My wife and I just did similar for our kids rooms, only with Mario. We outlined with permanent marker... Our youngest asked to get rid of two of his characters, so we did... After 3 coats of paint we realized the marker was not going to disappear without a good primer. 2 coats of Kilz Complete and 2 more coats of wall paint and the characters are gone. Should have known better, however we were rushing the project along to get the kids into their bedrooms.
I rent and had to repaint over my landlords horrible DARK BROWN through the entire house. We picked a nice neutral gray / taupe. Opens up the whole house and makes it look so much bigger. Of course he agreed on the color before we painted!
@Account Closed the prostitution red latex paint sounds like Red Guard waterproofing and crack membrane sold at home depot. One would paint it on like regular paint around the walls of a tub/shower before installing tile...very interesting choice they made with that selection!
@Stephanie D.
Very good eye. It wasn't RedGard, just thick water-based paint. You're absolutely right, though, it was practically the same shade as dried RedGard where it had been exposed to minimum UV exposure from the four windows in this bedroom, as it has here in the photo posted.

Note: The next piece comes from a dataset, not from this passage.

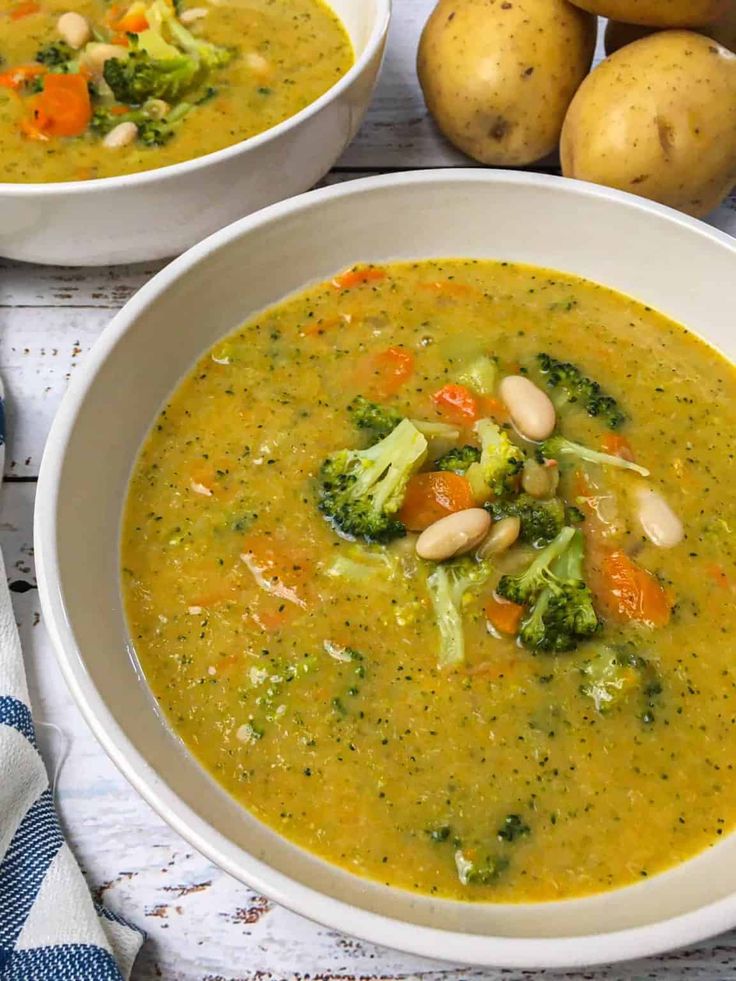 two bowls of soup with broccoli, carrots and potatoes on the side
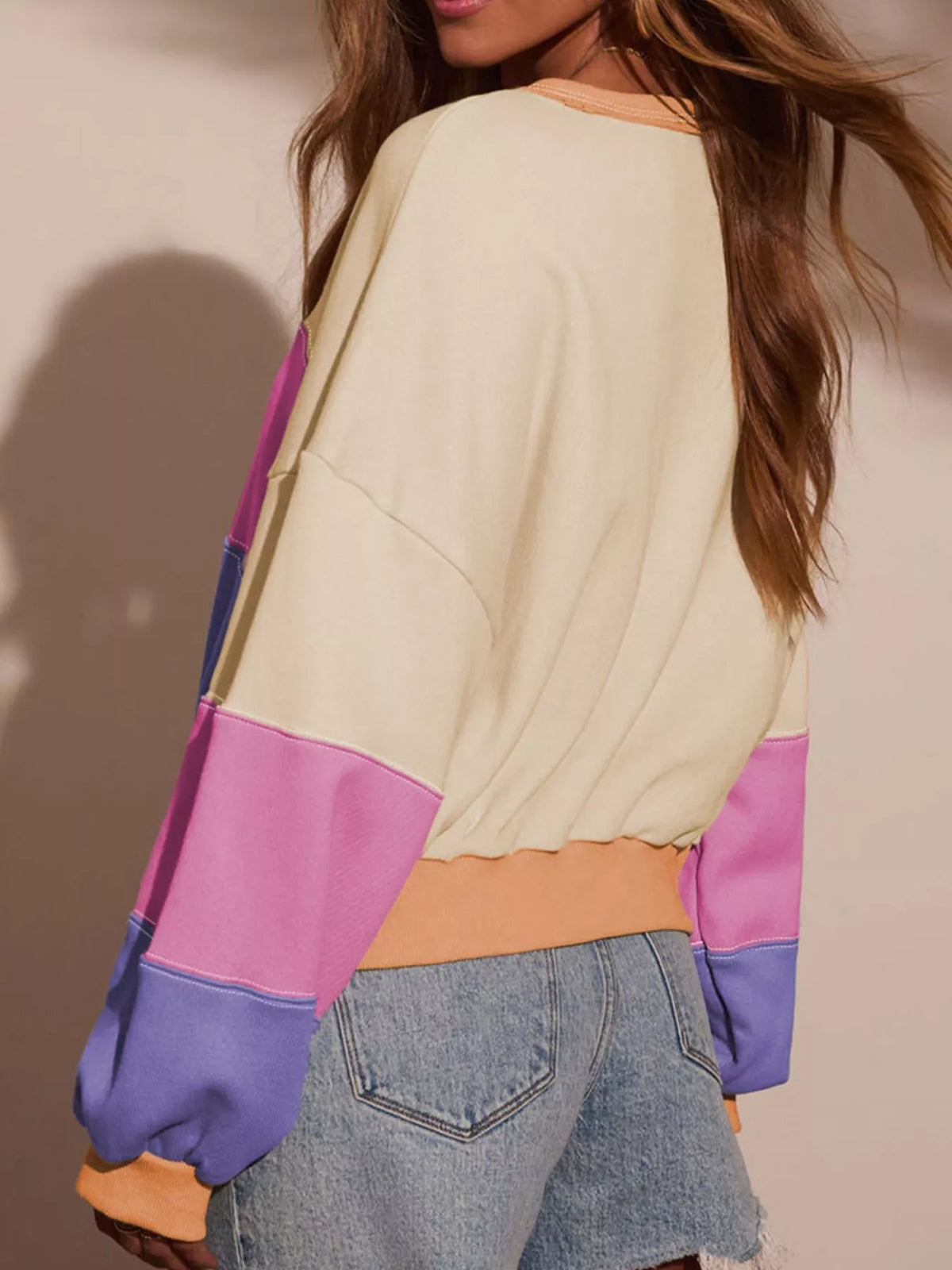 Back view of cropped off-shoulder color-block top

I also met the tenant who did this -- and she would not know RedGard from Easter egg dye powder.
In other places throughout the room, the paint had darkened a bit and taken on more of a purplish tone. The worst example of this was on the crown molding of the room, which itself was an obvious, poorly-done late addition to this duplex, originally finished in very good stain-grade oak trim. The original trim on this place was done by a very good trim carpenter. It's been a complete shame, a leprosy of the soul, to paint over it. But the place is old and was maintained for seventy years by a father and son team of living avatars of Bozo the Clown Handyman. The trim was in really bad shape when we came in.